Subir al Kawah Ijen con nuestros hijos fue el momento más duro de nuestro viaje a Indonesia. Aquí está lo que pasó, por qué nos lo pensaríamos dos veces y cómo hacerlo más seguro.

Caminata al Kawah Ijen con niños: lo que haría diferente (azufre, gases tóxicos y por qué nos lo pensaríamos dos veces)

Un volcán que exhala fuego azul eléctrico por la noche suena a sueño de lista de deseos. Con dos niños a cuestas y los pulmones llenos de dióxido de azufre en la oscuridad, se parecía mucho más a un error.

Esta es la crónica honesta de una caminata familiar que hicimos nuestro grupo en agosto de 2019 en el Kawah Ijen, en el este de Java.
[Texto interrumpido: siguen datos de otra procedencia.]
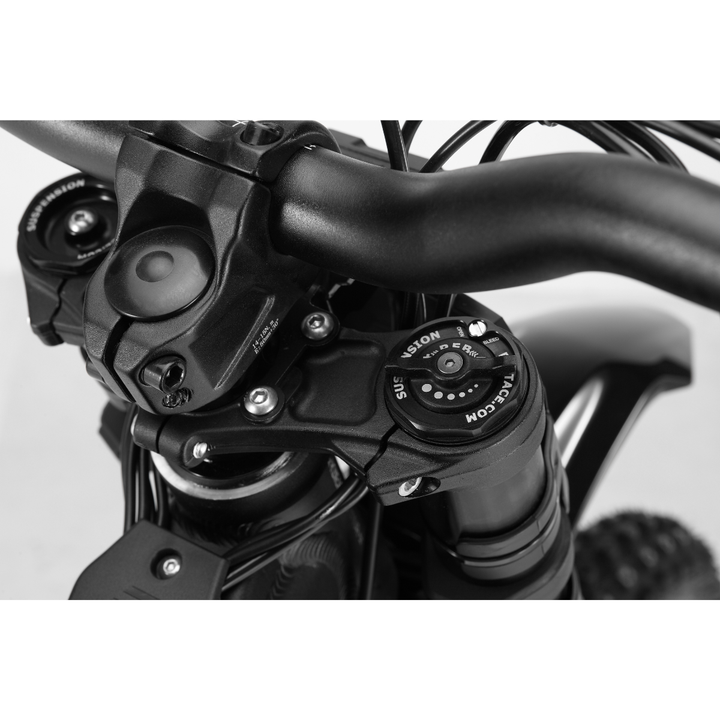 E Ride Pro Mini R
Éramos una familia de cuatro viajando con otras dos familias de mis viejos tiempos de la escuela de ingeniería: siete adultos, un puñado de niños de varias edades y la suposición compartida de que, si íbamos todos juntos, los niños estarían bien. El más pequeño del grupo, que tenía seis años en aquel momento, no estuvo bien. La subida y bajada es el eje de este artículo, y la razón por la que lo escribo: para que otros padres puedan calibrar bien antes de apuntar a su familia a subir un volcán de azufre en la oscuridad.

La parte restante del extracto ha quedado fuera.